Un par de meses atrás fui a Rosario con una amiga. Salimos un domingo temprano, la ruta estaba despejada. Enseguida dejamos atrás Buenos Aires y se abrió el horizonte amplio del campo. En el auto sonaba el CD Brasilerinho de Maria Bethânia, mientras nos actualizábamos sobre los últimos acontecimientos de nuestras vidas: trabajo, alegrías, proyectos, penas, novios.
¿Hace mucho que no vas? Rosario está tan linda, me habían dicho antes de partir.
Llegamos en poco más de tres horas, comimos algo y directo al Macro, el Museo de Arte Contemporáneo emplazado en un antiguo silo reciclado y pintado de rojo, violeta, amarillo. Había gente tomando sol en el parque con el césped verde brillante, impecable como un parque inglés.
Saqué una foto y tuve el impulso de tuitearla y de contar que en Buenos Aires eso no se ve. Por lo menos no tan verde y sin rejas que lo protejan de los perros y el fútbol. Pero mi amiga me contaba una historia de enredos amorosos y me pareció descortés empezar a escribir en el teléfono. Me aguanté. Al rato la llamó su madre y ahí ¡zas! aproveché para mandar un tuit y enseguida otro. No sin cierta vergüenza. Como cuando de chica me robaba un pan de la cocina, antes de la cena.
Ni bien empecé a tuitear fotos y comentarios del viaje vinieron respuestas de seguidores interesados en el recorrido. Muchos preguntaban, algunos retuiteaban o faveaban (clasificar un tuit como favorito). Otros no decían ni mu pero estaban presentes desde el silencio. Uno hasta me dio las gracias porque sentía que viajaba a través de mis despachos de 140 caracteres. Yo sonreía, a veces por lo que mi amiga contaba… y otras, ejem, por los comentarios que leía en el smartphone.

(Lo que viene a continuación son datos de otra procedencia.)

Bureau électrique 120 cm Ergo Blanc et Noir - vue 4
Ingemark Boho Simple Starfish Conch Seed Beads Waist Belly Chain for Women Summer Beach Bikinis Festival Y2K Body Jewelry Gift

Por momentos tenía la impresión de ser la guía de una banda de turistas. No podía dejar de mostrarles a mis contactos el Palacio Minetti, la cúpula de la Bolsa de Comercio, las casonas del Boulevard Oroño. En estos teléfonos todo está diseñado para tardar apenas unos segundos en sacar y mandar una foto. Elogio de la inmediatez. Les recomendé que si venían a Rosario subieran por el ascensor del Monumento a la Bandera y no se perdieran el dulce de leche granizado de la heladería Esther. Eso sí, cuando me daba vuelta no había ninguna banda de nada, solamente mi amiga que si me pescaba tuiteando me miraba medio preocupada, medio ofuscada. ¿Por qué lo haces? ¿Te gusta que la gente sepa dónde estás? ¿Es para mostrar que viajas?, preguntó mientras caminábamos por la Costanera.
Me acordé de cuando leí a Paul Virilio. El filósofo y urbanista francés que habla de velocidad de la tecnología, las autopistas de la información, la intimidad como espectáculo, el cibermundo y la perturbación en la relación con el otro. Lo mío ni siquiera era travel streaming (relatar viajes en tiempo real), apenas unos cuantos tuits bastaban para alejarme de la vivencia.
El mediodía siguiente nos encontró almorzando en uno de los bolichitos que miran al Paraná. La boga que nos trajeron era tan grande que alcanzó para las dos. Dorada, carnosa y a un precio lógico. Esto tengo que mostrarlo, pensé mientras sacaba una foto. Diez minutos más tarde estaba encerrada en el baño del restaurante con la vista fija en la pantalla del teléfono, tuiteando la boga.
La experiencia directa había perdido terreno en mi viaje. Lo real –el río, mi amiga, la charla, el museo– compartía plano con Twitter. Como cuando en la tele dividen la pantalla y se pueden ver dos escenas simultáneas. Sin ser del todo consciente, me había convertido en un canal de transmisión y eso era tan importante como el aquí y ahora. ¿El viaje como una aplicación más de una Red Social?
El resto del tiempo que pasé en la ciudad de Fito Páez y Fontanarrosa mandé tuits a escondidas. Hablaba con mi amiga y cuando encontraba un hueco les escribía a mis contactos. Pretendía estar en dos lugares al mismo tiempo. Le pregunté a un follower rosarino en qué bodegón se comía bien y me enteré de un cine arte que esa semana pasaba películas de Hitchcock. También supe que Raymond Carver estuvo en Rosario en 1984 y dio una conferencia en el Jockey Club que, según dicen, fue aburridísima. Aunque de eso no me enteré por Twitter.
En este punto tengo la impresión de que además de evocar una escapada a Rosario o preguntarme sobre los beneficios y límites de una Red Social, esta columna tiene el móvil íntimo de sumar uno que otro seguidor a mi cuenta @carolreymundez
(Prometo tuitear en viaje, aún desde la contradicción).